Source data
%%

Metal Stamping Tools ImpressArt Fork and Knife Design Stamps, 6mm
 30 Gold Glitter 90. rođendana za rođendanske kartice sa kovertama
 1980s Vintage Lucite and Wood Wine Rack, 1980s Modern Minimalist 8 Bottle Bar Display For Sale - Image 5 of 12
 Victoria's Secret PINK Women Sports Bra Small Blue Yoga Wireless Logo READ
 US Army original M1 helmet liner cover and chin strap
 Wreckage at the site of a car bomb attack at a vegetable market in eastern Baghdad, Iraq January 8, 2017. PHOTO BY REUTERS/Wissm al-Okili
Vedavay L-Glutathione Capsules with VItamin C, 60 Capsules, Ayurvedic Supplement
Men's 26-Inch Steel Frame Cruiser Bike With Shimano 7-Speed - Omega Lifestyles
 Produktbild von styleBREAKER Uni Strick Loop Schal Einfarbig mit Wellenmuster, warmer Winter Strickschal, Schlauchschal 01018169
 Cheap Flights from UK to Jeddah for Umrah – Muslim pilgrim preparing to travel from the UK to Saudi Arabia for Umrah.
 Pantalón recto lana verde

%%

WORK TASK
Return word for word the line with "1980s Vintage Lucite" and every line after it through the end of the records above.

FINAL ANSWER
 1980s Vintage Lucite and Wood Wine Rack, 1980s Modern Minimalist 8 Bottle Bar Display For Sale - Image 5 of 12
 Victoria's Secret PINK Women Sports Bra Small Blue Yoga Wireless Logo READ
 US Army original M1 helmet liner cover and chin strap
 Wreckage at the site of a car bomb attack at a vegetable market in eastern Baghdad, Iraq January 8, 2017. PHOTO BY REUTERS/Wissm al-Okili
Vedavay L-Glutathione Capsules with VItamin C, 60 Capsules, Ayurvedic Supplement
Men's 26-Inch Steel Frame Cruiser Bike With Shimano 7-Speed - Omega Lifestyles
 Produktbild von styleBREAKER Uni Strick Loop Schal Einfarbig mit Wellenmuster, warmer Winter Strickschal, Schlauchschal 01018169
 Cheap Flights from UK to Jeddah for Umrah – Muslim pilgrim preparing to travel from the UK to Saudi Arabia for Umrah.
 Pantalón recto lana verde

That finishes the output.